* _Exercise_
Taking the line with "Écran LCD d" as the first, copy every line through the end of the records below exactly. Do not include pictures.

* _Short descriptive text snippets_

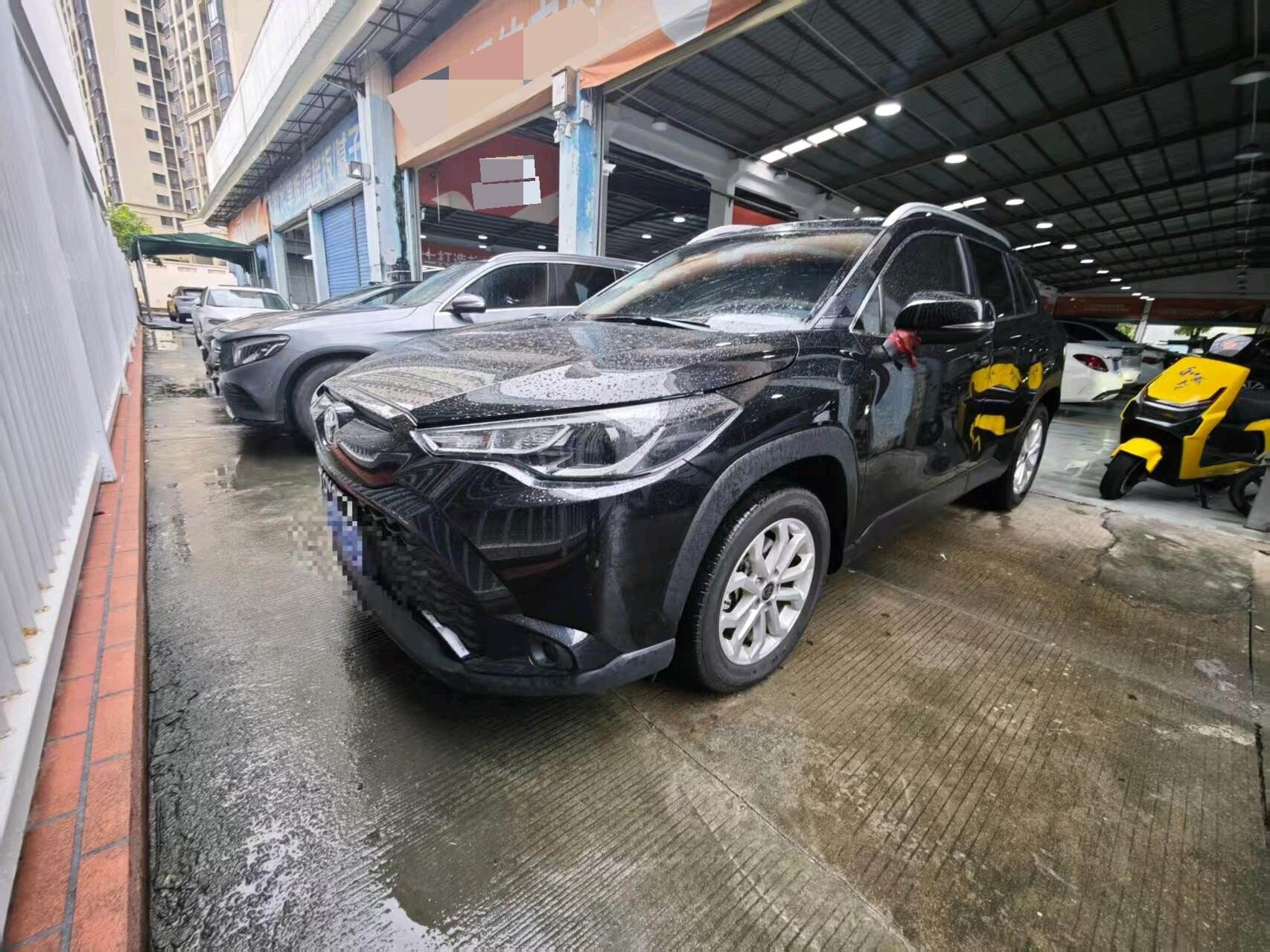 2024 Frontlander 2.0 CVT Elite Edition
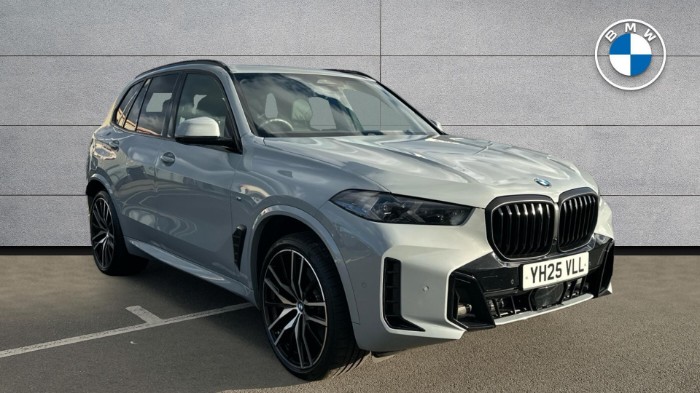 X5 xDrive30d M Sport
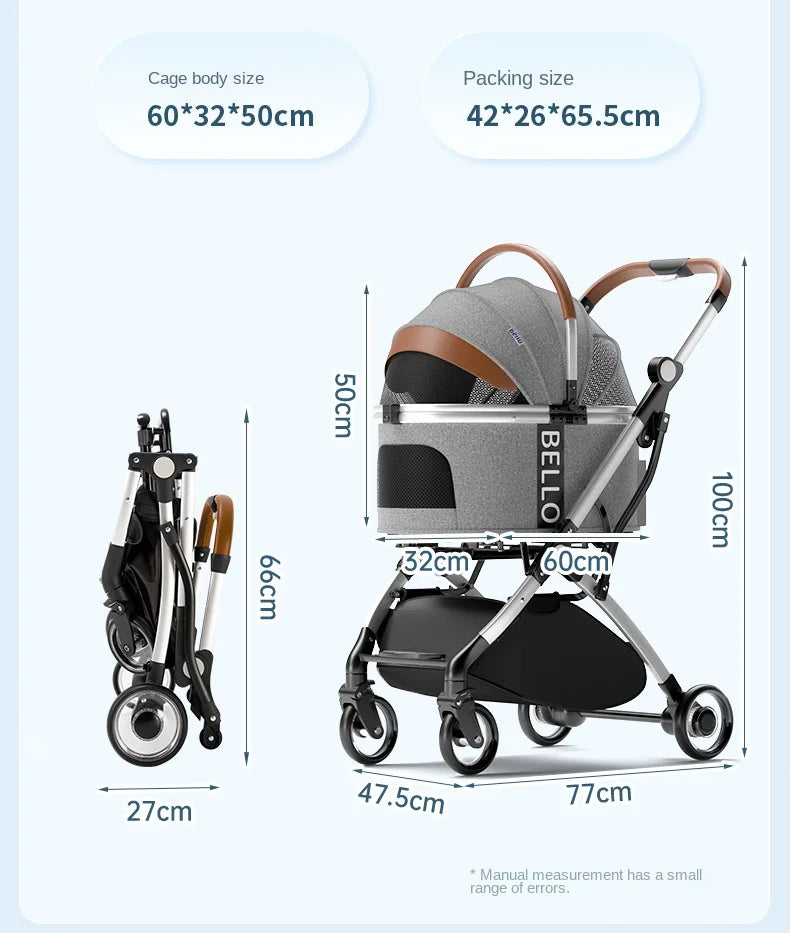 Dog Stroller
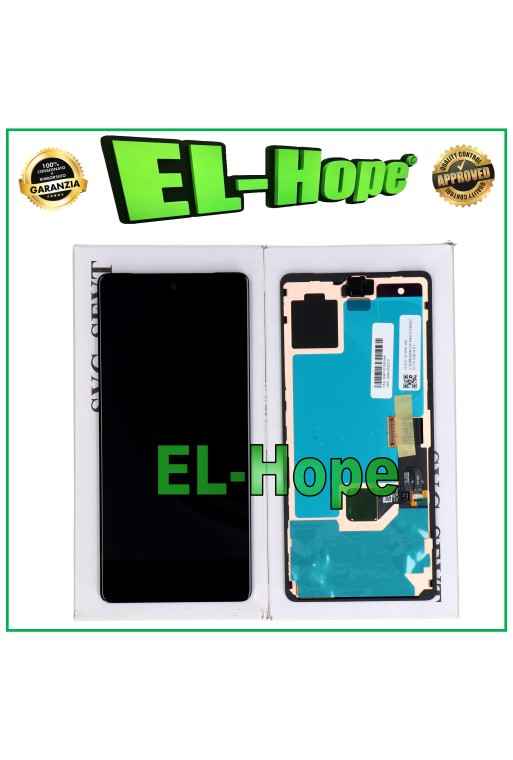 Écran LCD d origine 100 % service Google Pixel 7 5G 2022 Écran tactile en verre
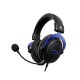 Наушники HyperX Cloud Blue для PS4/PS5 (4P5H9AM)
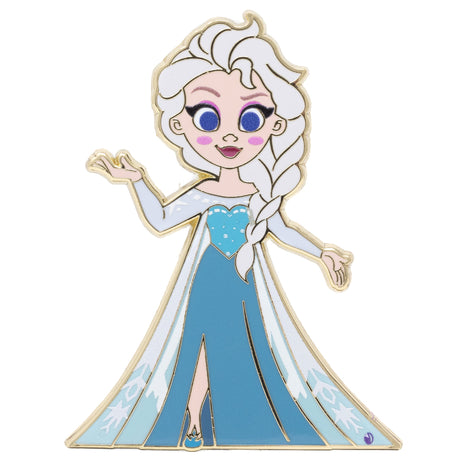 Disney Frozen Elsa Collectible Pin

* _Output of the exercise_
 Écran LCD d origine 100 % service Google Pixel 7 5G 2022 Écran tactile en verre
 Наушники HyperX Cloud Blue для PS4/PS5 (4P5H9AM)
 Disney Frozen Elsa Collectible Pin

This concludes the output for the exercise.